Klager heeft de opmerkingen van verweerder betreffende een amputatie van zijn rechterarm als schofferend en grievend ervaren. Verweerder heeft ter zitting voldoende aannemelijk gemaakt in welk kader hij met klager heeft gesproken over een eventuele amputatie van de rechterarm van klager. Verweerder heeft voorts ter zitting zijn excuses aangeboden voorzover de door hem gemaakte opmerkingen door klager als grievend zijn ervaren. Verweerder heeft hiermee voldoende aangetoond dat zijn opmerkingen in geen enkel opzicht schofferend waren bedoeld. Gelet hierop en op de door verweerder aangeboden excuses, is de raad van oordeel dat verweerder hiervan tuchtrechtelijk geen verwijt te maken valt.

Dit onderdeel zal als ongegrond worden afgewezen.

Ad onderdeel 2.

Vast staat dat er een misverstand is ontstaan over de brief van verweerder dd. 21 juli 2008 aan het NRL. Uiteindelijk is het misverstand opgehelderd en heeft verweerder hiervoor zijn excuses aangeboden. Weliswaar was hier sprake van slordig handelen door verweerder, van tuchtrechtelijk verwijtbaar handelen was geen sprake. 

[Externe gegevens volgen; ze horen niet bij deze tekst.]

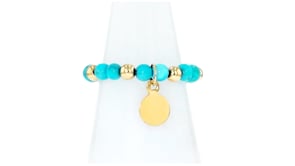 3-3.5mm Turquoise and 10kt Yellow Gold Bead Stretch Ring with Disc Charm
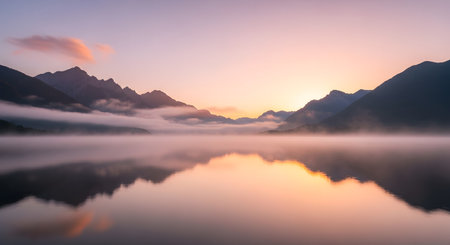 Foggy morning at the mountain lake. Landscape with mountains and cloudsの素材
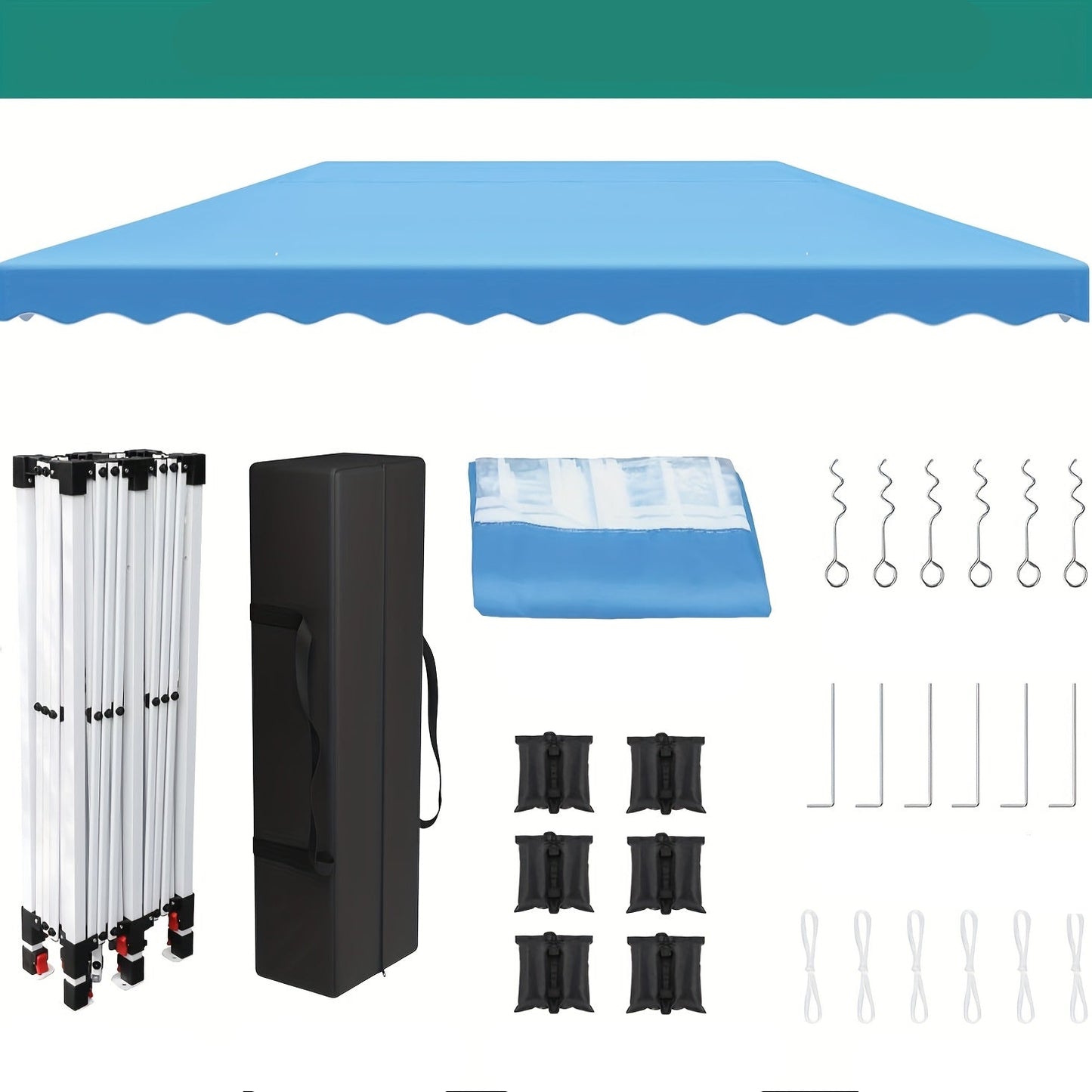 Partytent – Paviljoen – Tuinentent – Feesttent – Gazebo – Opvouwbaar – Stevig Stalen Frame – Inclusief 6 Zandzakken – Blauw – 3x6 Meter – UV50+ Bescherming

Dit onderdeel zal als ongegrond worden afgewezen.

Ad onderdeel 3.

Verweerder heeft het standpunt van klager ten aanzien van het door de verzekeraar gestelde ultimatum niet meer aan de verzekeraar doorgegeven, omdat de brief van 14 oktober 2008 voor verweerder aanleiding was om zijn werkzaamheden neer te leggen. Hij heeft de verzekeraar bericht dat hij niet langer optrad voor klager en verzocht zich direct tot klager te wenden. Indien een advocaat constateert dat er geen sprake meer is van een vertrouwensrelatie tussen hem en zijn cliënt, op grond waarvan hij zich als advocaat terugtrekt, kan van de advocaat niet verwacht worden dat hij nog werkzaamheden voor zijn cliënt verricht. In dat kader is het begrijpelijk dat verweerder het standpunt van klager ten aanzien van het door de verzekeraar gestelde ultimatum niet meer aan de verzekeraar heeft doorgegeven.

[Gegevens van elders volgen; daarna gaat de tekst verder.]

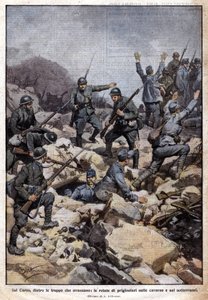 A Primeira Guerra Mundial: Frente italiana no planalto do Carso (Trentino) e prisioneiros no subsolo. "Domenica del Corriere". 19/07/1917 (litografia) de Achille Beltrame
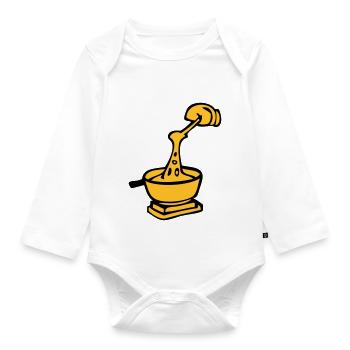 cheese cook Swiss culinary specialty fondue - Organic Longsleeve Baby Bodysuit - white - Front
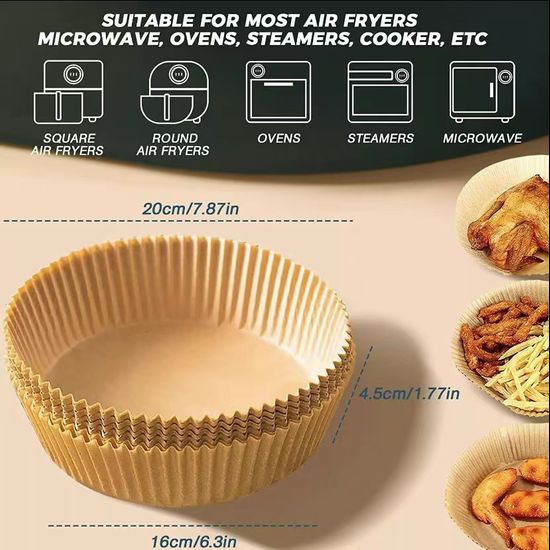 50ชิ้น ทอดอากาศทิ้งกระดาษซับไม่ติดรอบเตาอบอบกระดาษครัว Airfryer กระดาษสำหรับทอดอุปกรณ์เบเกอรี่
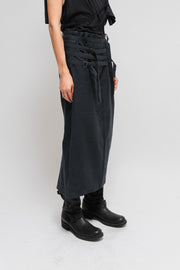 ANN DEMEULEMEESTER - SS03 Long cotton skirt with waist straps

Dit onderdeel zal als ongegrond worden afgewezen.

Ad onderdeel 4.

Verweerder heeft wel gereageerd op de brief van klager dd. 12 juli 2008 door deze door te sturen naar het NRL, wat heeft geleid tot een tweede berekening door het NRL, die voor klager hoger uitviel. Voor het overige heeft verweerder bij e-mail dd. 30 september geantwoord dat de overige vragen voor hem geen aanleiding waren de vordering aan te passen. Hoewel het denkbaar was geweest dat verweerder eerder richting klager had gereageerd op diens brief dd. 12 juli 2008, valt dit hem tuchtrechtelijk niet aan te rekenen.

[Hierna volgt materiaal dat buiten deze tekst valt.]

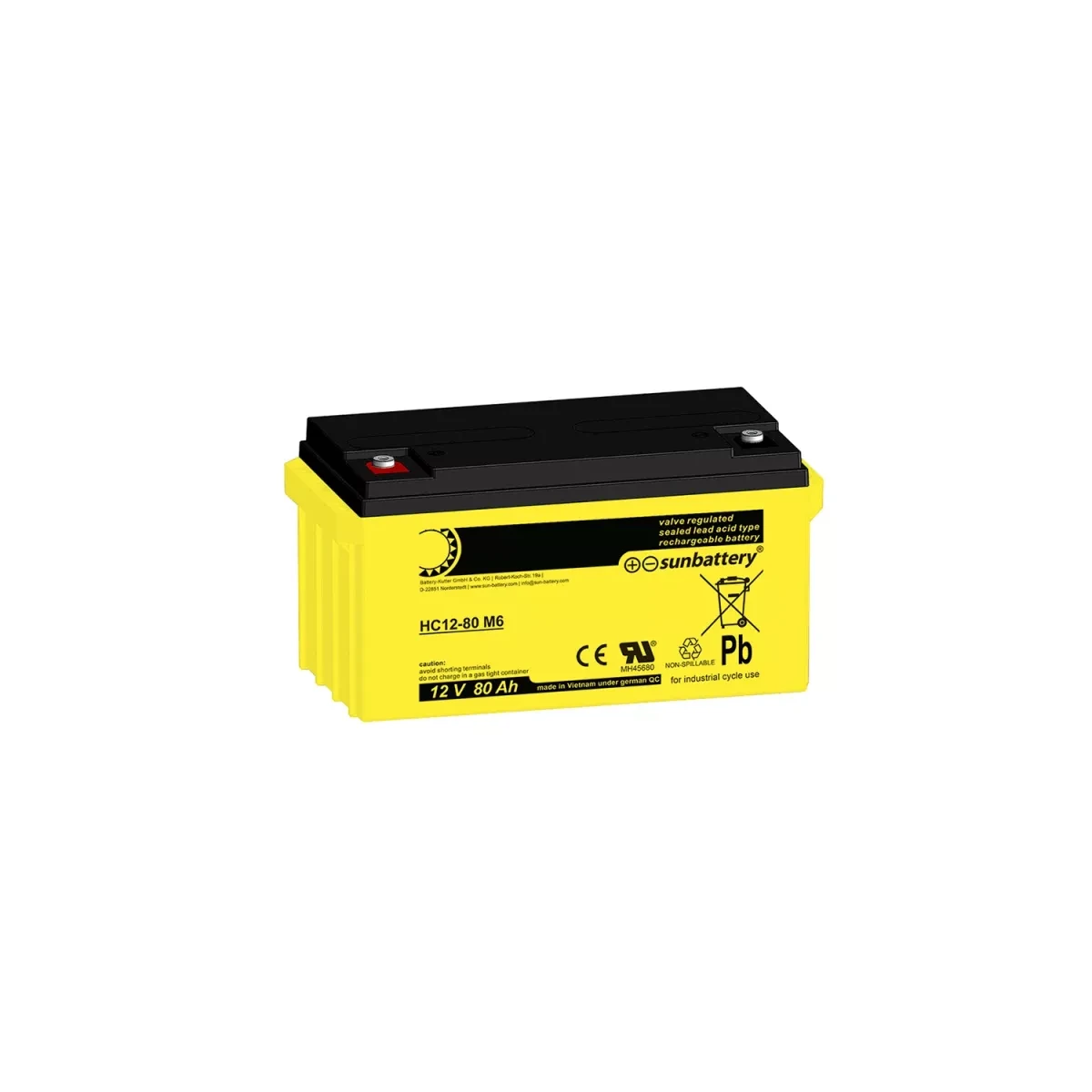 SUN Battery High Cycle AGM Bleiakku zyklenfest 12V 82Ah M6-Schraubanschluss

Dit onderdeel zal als ongegrond worden afgewezen.

Ad onderdeel 5.

Aan een advocaat komt voor het te voeren beleid een ruime vrijheid toe. In het algemeen kan een tuchtrechtelijke maatregel pas dan geïndiceerd zijn indien de advocaat bij de behandeling van de zaak kennelijk onjuist optreedt dan wel kennelijk onjuist adviseert en de belangen van de cliënt daardoor worden geschaad of kunnen worden geschaad. Verweerder heeft in het belang van klager gehandeld door de brief van klager dd. 12 juli 2008 door te sturen aan het NRL. Uiteindelijk heeft dit geresulteerd in een hogere schadeberekening door het NRL. Niet valt in te zien op grond waarvan verweerder hiervan een tuchtrechtelijk verwijt te maken valt.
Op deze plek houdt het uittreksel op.